In 1840 Timothy Hackworth terminated his contract with the Stockton & Darlington Railway and relinquished his control of the mechanical engineering of the railway. The responsibility for the works was taken over by Oswald Gilkes and William Bouch as Foreman. By the late 1840's the development of Shildon Works began to take shape, with the formation of the Shildon Works Company in 1849 and the building of a separate running shed with 9 roads for engines and supporting facilities. This was followed in 1852 by a building in which to wash the locomotives at a cost of £238 2s. 10d.
In 1854 a new shed was added at a cost of £2,345 7s. 2d., which may have been the first roundhouse on the site. A further shed, the second roundhouse, designed to hold 24 engines was authorized in 1856. A new tool house was built in 1854 and offices were added in 1855.
Following the death of Timothy Hackworth in 1850, the Soho Works were purchased by the Company in July 1853 for £4,900 and until the closure of the Soho Works in 1883, the Shildon Works Company controlled 2 locomotive works in Shildon on separate sites, albeit they were adjacent to each other.
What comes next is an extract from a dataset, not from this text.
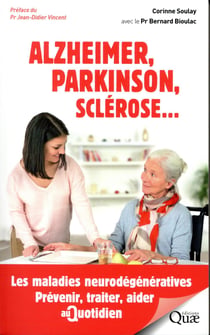 Alzheimer, Parkinson, sclérose... les maladies neurodégénératives- prévenir, traiter, aider au quotidien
In 1854 John Dixon suggested to the Committee that more consideration should be given to location of the locomotive headquarters. Upto this time the headquarters of the railway had been centrally located in Darlington, however the locomotive and engineering works had been situated in Shildon. His suggestion was that Darlington would be more ideally suited for the locomotive headquarters with Shildon relegated to the role of wagon repairs. After 3 years deliberation, the Committee agreed with his proposals and in 1857 a piece of land was purchased at North Road, Darlington by the Shildon Works Company.
To most, this signaled the run down and possibly the end of Shildon Works, however, what in fact happened was the opposite.
After 20 years service with the Stockton and Darlington Railway, William Bouch was appointed Locomotive Superintendent in 1860. A position he held with the railway and subsequently with the N.E.R. until his death in 1876.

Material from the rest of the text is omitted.